Professor Brown began with a mini-history of welfare economics. We then discussed two articles that take seriously attempts to measure feelings of happiness or unhappiness.
It’s not always obvious how to interpret these studies. For instance, Kahneman and Kruger have a preference for the surveys that measure experienced utility as opposed to those that measure remembered utility. But who is to say that the former give a more accurate account of what we care about than the latter do?
One nugget of evidence in their favor would be (and maybe is) that surveys of remembered utility vary pretty wildly. That suggests that, at least, we don’t have stable opinions about what makes life as a whole go well. And that would be odd if that is where we’re looking for what we really care about.
Here are my prejudices. I believe very strongly that people measure their happiness against what they expect out of life. So I’m all the way there with Blake and Jenn when they report that people who are desperately poor by our lights are actually pretty happy.
At the same time, I find it very hard to believe that life isn’t easier and, yes, happier, with all the modern conveniences that our wealth buys for us.
So I’m not surprised by both sets of results: those that report that there’s very little relationship between income and happiness as well as the ones that Deaton reports, according to which the wealthier are happier than the poor.
I suspect, though of course I can’t prove, that they’re measuring two different effects.
In any event, one thing that was certainly different was the survey question and the available answers. The survey that Kahneman and Kruger reported had three possible answers. The survey that Deaton used allowed eleven.
Those who say there is no relationship between income and wealth use the former surveys: they show that there isn’t a lot of change in the answers given by the members of a society even as it becomes more wealthy. But I would think that it would be very difficult to move the results from a three answer survey even if people were getting more happy. Conversely, I suspect that an eleven answer survey would be more sensitive.

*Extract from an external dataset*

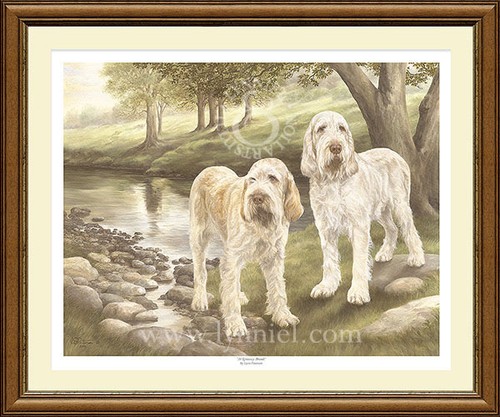 Italian spinone ltd edition - italian,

I put a briskly written monograph called Happiness, Economics, and Public Policy on electronic reserve. Or, if you don’t want to bother checking into Sakai, just click on the title to get it yourself.
It’s written from a more libertarian perspective, and it is more focused on the political uses of happiness studies, than our other readings have been. I enjoyed it.
The article I referred to at the end, that I said confirmed Kari’s point, is: Kahneman, D., Krueger, A. B., Schkade, D., Schwarz, N., and Stone, A. A. (2006). “Would you be happier if you were richer? A focusing illusion.” Science, 312(5782):1908 – 1910.
Kari’s point was that people might report they are generally satisfied with their lives even if their moment-by-moment experiences aren’t so great if they aspire to accomplish difficult things.